La comunicazione annuale deve contenere:
- il numero dei contratti di somministrazione di lavoro conclusi,
- la durata degli stessi,
- il numero dei lavoratori,
- la qualifica dei lavoratori interessati.
La comunicazione annuale (relativa al periodo 1 gennaio - 31 dicembre) va effettuata entro il 31 gennaio dell’anno successivo a quello di riferimento.
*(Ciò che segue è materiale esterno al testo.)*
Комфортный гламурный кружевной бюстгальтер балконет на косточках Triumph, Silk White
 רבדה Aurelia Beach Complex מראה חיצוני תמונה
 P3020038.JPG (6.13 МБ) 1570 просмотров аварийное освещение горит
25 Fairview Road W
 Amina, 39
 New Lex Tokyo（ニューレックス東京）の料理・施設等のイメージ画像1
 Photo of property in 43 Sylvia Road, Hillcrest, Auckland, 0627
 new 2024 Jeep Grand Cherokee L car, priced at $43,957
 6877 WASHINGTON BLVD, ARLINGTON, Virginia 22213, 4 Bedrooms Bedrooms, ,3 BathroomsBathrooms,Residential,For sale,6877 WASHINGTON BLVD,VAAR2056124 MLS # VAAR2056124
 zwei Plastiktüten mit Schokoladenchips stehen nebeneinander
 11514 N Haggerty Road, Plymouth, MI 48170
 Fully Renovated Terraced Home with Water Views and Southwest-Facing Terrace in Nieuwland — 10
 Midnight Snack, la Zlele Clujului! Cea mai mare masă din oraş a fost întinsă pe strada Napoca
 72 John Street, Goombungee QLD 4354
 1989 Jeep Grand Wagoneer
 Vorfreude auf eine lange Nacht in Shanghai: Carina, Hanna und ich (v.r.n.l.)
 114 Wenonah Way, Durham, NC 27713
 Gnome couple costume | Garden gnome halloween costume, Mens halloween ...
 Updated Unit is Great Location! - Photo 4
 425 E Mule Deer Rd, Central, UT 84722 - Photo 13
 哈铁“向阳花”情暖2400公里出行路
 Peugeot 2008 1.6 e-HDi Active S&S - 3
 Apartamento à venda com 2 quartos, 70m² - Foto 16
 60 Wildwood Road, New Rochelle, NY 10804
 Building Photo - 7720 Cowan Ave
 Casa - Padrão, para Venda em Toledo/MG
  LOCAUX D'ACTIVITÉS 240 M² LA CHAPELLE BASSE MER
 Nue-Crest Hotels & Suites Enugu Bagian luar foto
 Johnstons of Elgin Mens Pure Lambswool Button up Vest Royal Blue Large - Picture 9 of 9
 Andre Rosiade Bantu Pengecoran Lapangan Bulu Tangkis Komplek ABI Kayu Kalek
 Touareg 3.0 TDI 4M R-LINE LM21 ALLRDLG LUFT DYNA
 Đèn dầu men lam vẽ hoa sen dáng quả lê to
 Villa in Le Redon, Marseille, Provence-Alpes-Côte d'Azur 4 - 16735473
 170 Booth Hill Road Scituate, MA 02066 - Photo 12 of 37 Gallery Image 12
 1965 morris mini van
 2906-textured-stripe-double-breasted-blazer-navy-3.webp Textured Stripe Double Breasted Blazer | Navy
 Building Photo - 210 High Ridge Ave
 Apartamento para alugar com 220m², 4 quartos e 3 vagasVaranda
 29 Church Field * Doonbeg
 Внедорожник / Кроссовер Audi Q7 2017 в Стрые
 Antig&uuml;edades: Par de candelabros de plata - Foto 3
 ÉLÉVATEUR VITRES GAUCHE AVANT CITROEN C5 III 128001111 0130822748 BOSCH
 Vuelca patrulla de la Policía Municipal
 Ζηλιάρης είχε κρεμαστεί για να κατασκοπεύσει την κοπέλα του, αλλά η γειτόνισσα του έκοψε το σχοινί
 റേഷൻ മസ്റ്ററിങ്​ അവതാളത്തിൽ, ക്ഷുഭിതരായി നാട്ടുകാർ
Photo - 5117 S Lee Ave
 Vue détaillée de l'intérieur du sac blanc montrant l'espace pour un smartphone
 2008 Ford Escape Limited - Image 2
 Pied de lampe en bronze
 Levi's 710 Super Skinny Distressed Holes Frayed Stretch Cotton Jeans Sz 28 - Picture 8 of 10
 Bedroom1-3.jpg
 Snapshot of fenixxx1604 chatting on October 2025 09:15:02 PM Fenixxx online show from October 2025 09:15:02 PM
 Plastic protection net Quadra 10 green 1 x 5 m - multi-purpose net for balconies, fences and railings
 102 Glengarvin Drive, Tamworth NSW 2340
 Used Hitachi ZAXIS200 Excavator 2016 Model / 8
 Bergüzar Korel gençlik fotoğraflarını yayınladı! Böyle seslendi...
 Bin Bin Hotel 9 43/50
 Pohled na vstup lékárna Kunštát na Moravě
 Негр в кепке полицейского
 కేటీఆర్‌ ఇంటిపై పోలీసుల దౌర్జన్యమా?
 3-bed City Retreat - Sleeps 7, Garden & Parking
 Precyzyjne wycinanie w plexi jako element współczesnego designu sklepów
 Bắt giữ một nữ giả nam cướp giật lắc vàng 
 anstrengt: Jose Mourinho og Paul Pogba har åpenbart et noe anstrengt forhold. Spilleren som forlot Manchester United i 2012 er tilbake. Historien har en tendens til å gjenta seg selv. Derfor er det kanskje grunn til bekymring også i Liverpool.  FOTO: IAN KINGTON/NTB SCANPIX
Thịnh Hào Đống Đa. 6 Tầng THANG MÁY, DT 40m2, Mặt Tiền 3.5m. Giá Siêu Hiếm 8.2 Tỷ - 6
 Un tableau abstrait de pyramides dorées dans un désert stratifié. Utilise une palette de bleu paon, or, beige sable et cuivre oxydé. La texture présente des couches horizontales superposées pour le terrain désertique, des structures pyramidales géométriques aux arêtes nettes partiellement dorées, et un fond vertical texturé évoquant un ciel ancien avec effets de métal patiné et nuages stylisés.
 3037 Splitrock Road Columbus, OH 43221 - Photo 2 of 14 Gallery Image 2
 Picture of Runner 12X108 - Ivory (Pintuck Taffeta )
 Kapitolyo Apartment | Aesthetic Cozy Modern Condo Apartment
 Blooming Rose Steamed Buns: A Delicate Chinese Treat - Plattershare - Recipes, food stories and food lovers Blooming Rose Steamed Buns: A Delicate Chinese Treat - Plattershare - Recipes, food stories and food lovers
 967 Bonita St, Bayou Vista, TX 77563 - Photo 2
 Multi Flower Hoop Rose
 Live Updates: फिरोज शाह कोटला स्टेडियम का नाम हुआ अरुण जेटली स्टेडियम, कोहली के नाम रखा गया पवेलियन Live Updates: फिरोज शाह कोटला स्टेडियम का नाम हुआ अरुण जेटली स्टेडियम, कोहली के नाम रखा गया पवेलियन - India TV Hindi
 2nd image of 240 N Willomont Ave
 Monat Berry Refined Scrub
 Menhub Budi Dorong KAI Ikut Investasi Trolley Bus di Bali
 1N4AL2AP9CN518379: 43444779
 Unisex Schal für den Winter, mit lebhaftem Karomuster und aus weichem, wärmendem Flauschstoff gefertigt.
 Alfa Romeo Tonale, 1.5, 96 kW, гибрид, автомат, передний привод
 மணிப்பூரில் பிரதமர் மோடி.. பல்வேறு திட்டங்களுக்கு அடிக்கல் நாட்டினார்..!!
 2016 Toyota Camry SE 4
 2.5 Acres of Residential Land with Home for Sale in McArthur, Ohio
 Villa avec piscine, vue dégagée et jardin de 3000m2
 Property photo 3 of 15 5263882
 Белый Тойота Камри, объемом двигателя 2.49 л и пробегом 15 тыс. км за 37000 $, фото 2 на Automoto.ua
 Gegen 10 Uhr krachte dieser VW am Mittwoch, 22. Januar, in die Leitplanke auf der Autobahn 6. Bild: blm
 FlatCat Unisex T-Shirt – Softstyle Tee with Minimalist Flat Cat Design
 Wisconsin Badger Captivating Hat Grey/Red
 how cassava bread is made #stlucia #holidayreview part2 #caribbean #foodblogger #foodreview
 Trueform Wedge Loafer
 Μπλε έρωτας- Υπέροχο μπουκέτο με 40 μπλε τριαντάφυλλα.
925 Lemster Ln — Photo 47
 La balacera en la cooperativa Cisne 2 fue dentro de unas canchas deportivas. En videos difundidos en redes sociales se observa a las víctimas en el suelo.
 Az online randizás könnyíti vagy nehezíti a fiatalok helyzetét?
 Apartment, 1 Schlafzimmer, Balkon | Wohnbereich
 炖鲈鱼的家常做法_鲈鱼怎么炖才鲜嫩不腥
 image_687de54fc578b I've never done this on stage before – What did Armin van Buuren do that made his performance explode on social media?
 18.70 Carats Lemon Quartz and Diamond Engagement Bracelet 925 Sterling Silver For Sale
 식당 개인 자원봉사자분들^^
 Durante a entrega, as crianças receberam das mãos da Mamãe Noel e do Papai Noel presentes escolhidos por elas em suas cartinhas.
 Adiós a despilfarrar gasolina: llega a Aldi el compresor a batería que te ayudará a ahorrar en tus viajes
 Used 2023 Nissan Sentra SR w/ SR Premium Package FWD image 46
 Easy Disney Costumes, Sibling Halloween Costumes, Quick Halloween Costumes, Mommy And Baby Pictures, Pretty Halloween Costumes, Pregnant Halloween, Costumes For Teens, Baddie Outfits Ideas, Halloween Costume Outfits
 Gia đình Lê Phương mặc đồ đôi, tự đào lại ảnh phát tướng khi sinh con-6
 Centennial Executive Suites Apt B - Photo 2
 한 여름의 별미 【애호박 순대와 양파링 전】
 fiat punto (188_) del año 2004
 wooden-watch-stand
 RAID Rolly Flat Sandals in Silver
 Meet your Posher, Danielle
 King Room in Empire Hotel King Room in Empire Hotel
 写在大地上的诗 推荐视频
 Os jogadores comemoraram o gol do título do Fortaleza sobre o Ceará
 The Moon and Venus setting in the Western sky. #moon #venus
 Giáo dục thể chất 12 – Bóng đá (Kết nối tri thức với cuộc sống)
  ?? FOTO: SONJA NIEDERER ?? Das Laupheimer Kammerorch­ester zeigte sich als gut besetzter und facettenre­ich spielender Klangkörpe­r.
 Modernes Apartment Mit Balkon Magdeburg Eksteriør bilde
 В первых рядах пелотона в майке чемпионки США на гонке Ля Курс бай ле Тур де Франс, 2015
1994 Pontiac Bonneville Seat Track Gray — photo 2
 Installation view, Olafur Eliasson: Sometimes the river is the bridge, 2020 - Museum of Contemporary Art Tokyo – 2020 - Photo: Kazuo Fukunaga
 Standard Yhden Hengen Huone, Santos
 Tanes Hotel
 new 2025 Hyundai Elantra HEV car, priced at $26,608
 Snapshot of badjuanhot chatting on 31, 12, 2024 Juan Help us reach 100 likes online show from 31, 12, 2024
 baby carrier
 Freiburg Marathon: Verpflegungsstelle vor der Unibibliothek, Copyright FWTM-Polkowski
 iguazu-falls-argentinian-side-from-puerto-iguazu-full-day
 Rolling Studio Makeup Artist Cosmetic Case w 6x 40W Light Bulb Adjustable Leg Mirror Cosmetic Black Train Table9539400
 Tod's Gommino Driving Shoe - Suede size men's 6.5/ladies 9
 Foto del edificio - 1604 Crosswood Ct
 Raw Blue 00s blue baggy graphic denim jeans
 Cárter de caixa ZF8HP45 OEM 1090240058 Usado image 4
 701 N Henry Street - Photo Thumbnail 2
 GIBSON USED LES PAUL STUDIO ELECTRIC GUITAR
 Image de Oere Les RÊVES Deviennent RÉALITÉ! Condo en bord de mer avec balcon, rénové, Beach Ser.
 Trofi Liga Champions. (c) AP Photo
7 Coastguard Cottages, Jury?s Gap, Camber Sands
In caso di inadempienza, la sanzione va da 250 a 1.250 euro.
La stessa sanzione si applica anche nel caso di:
» mancato rispetto della parità di trattamento del lavoratore somministrato rispetto ai lavoratori direttamente alle dipendenze dell’utilizzatore (sanzione in capo al somministratore ed all’utilizzatore);
» utilizzo della somministrazione in eccesso rispetto ai limiti numerici consentiti e, nelle ipotesi i cui essa è esplicitamente vietata.
Si ricorda che, ai sensi della normativa vigente in materia di somministrazione di lavoro, l’azienda utilizzatrice è tenuta all’obbligo di iscrivere i lavoratori somministrati nel Libro Unico del Lavoro (LUL).